WORK ORDER: From the line that contains "4-комнатный таунхаус 140м2 у пляжа" to the last line of the data below, transcribe every line exactly. Do not include the pictures.
(Beginning of INPUT MATERIAL)
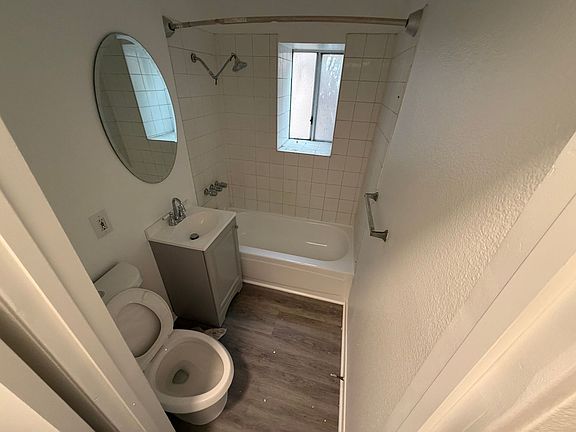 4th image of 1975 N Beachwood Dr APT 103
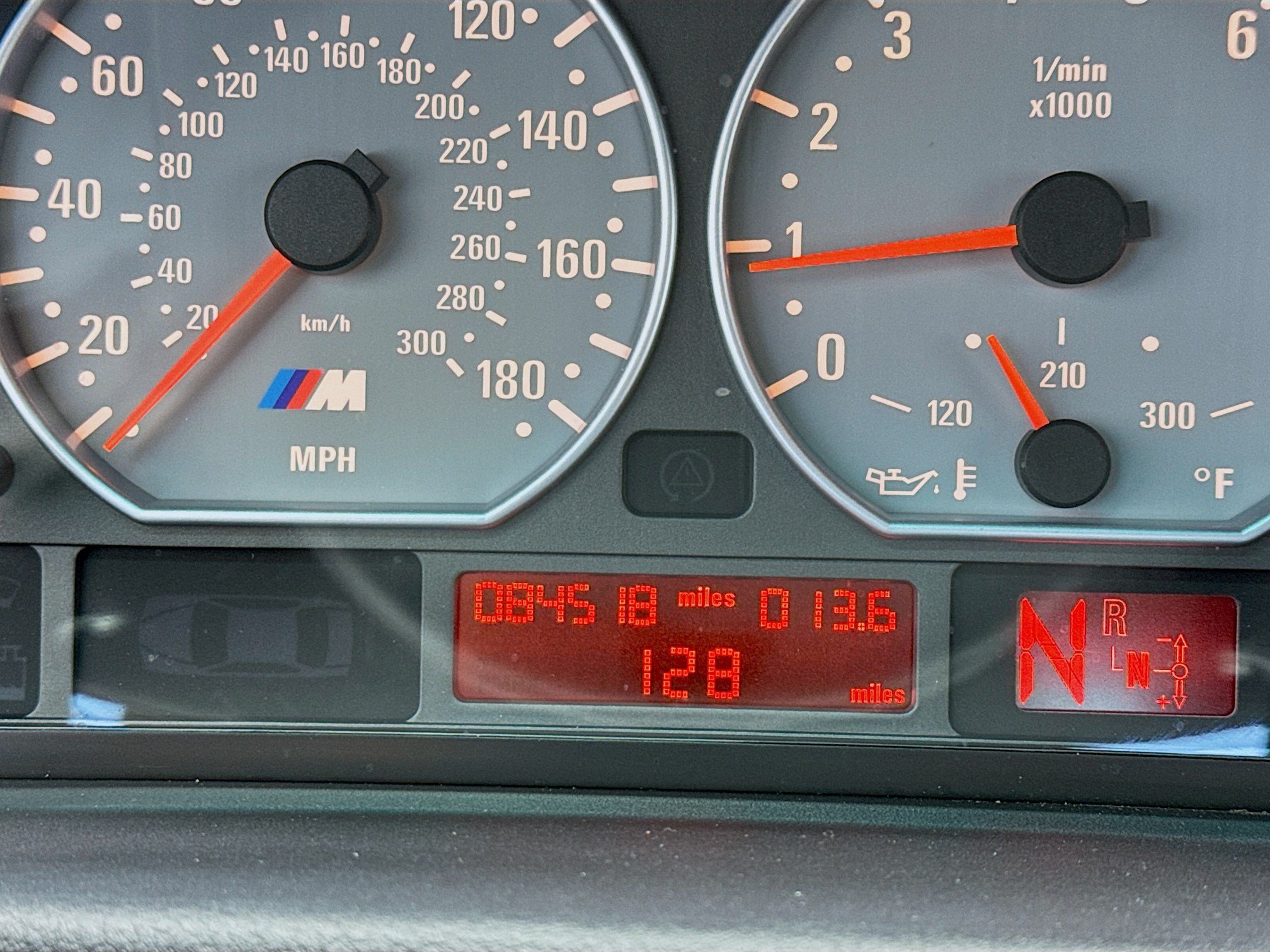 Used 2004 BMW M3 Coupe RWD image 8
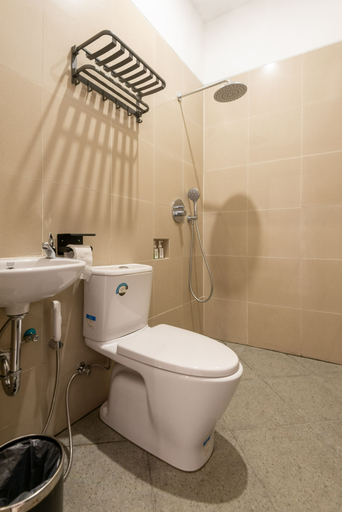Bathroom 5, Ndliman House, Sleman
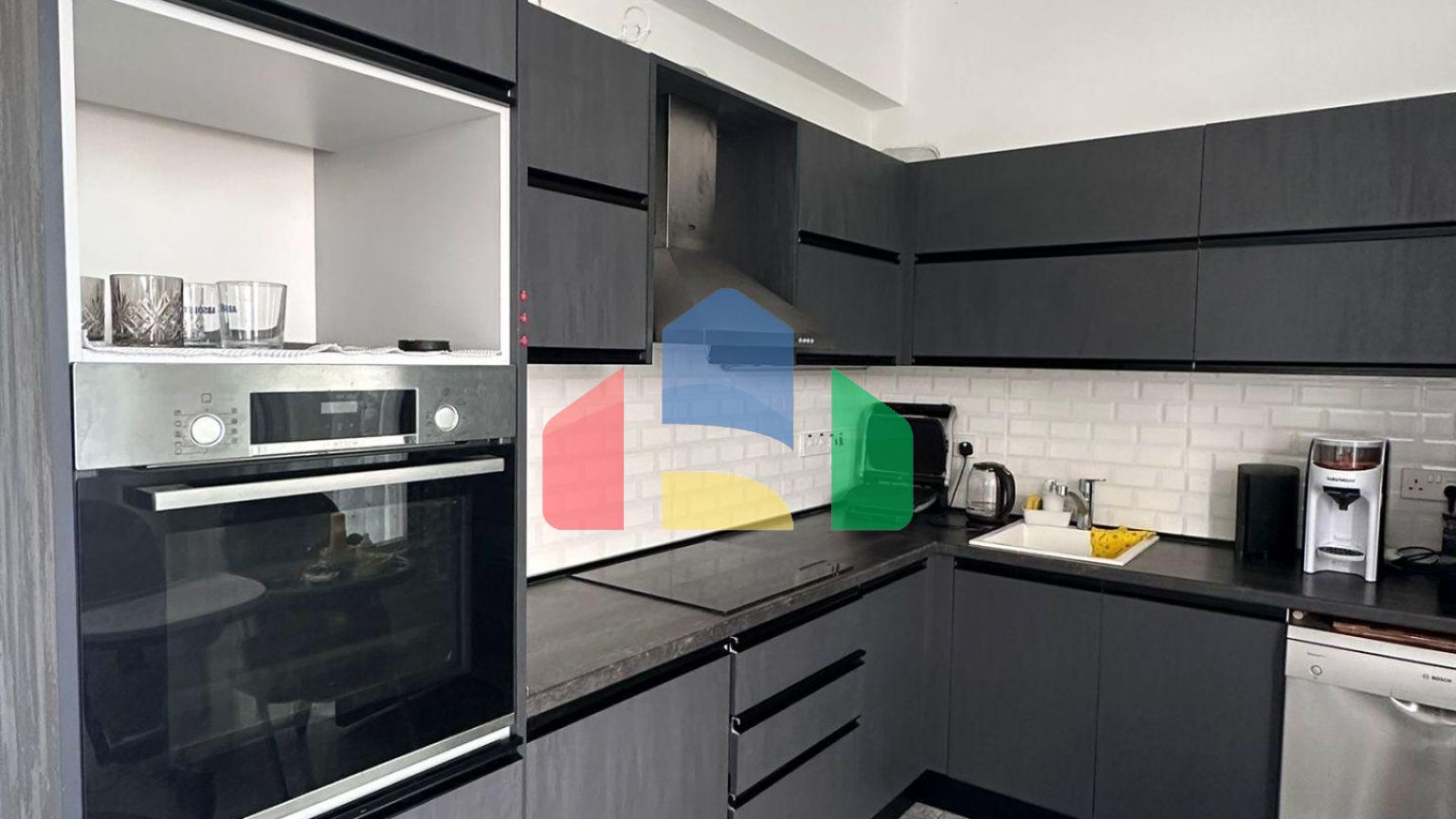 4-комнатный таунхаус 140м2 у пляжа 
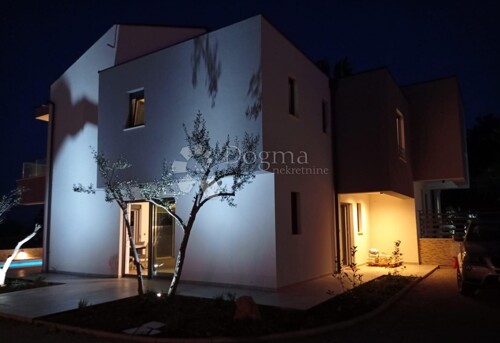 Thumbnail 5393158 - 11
(End of INPUT MATERIAL)
RESPONSE FOR THIS EXERCISE:
 4-комнатный таунхаус 140м2 у пляжа 
 Thumbnail 5393158 - 11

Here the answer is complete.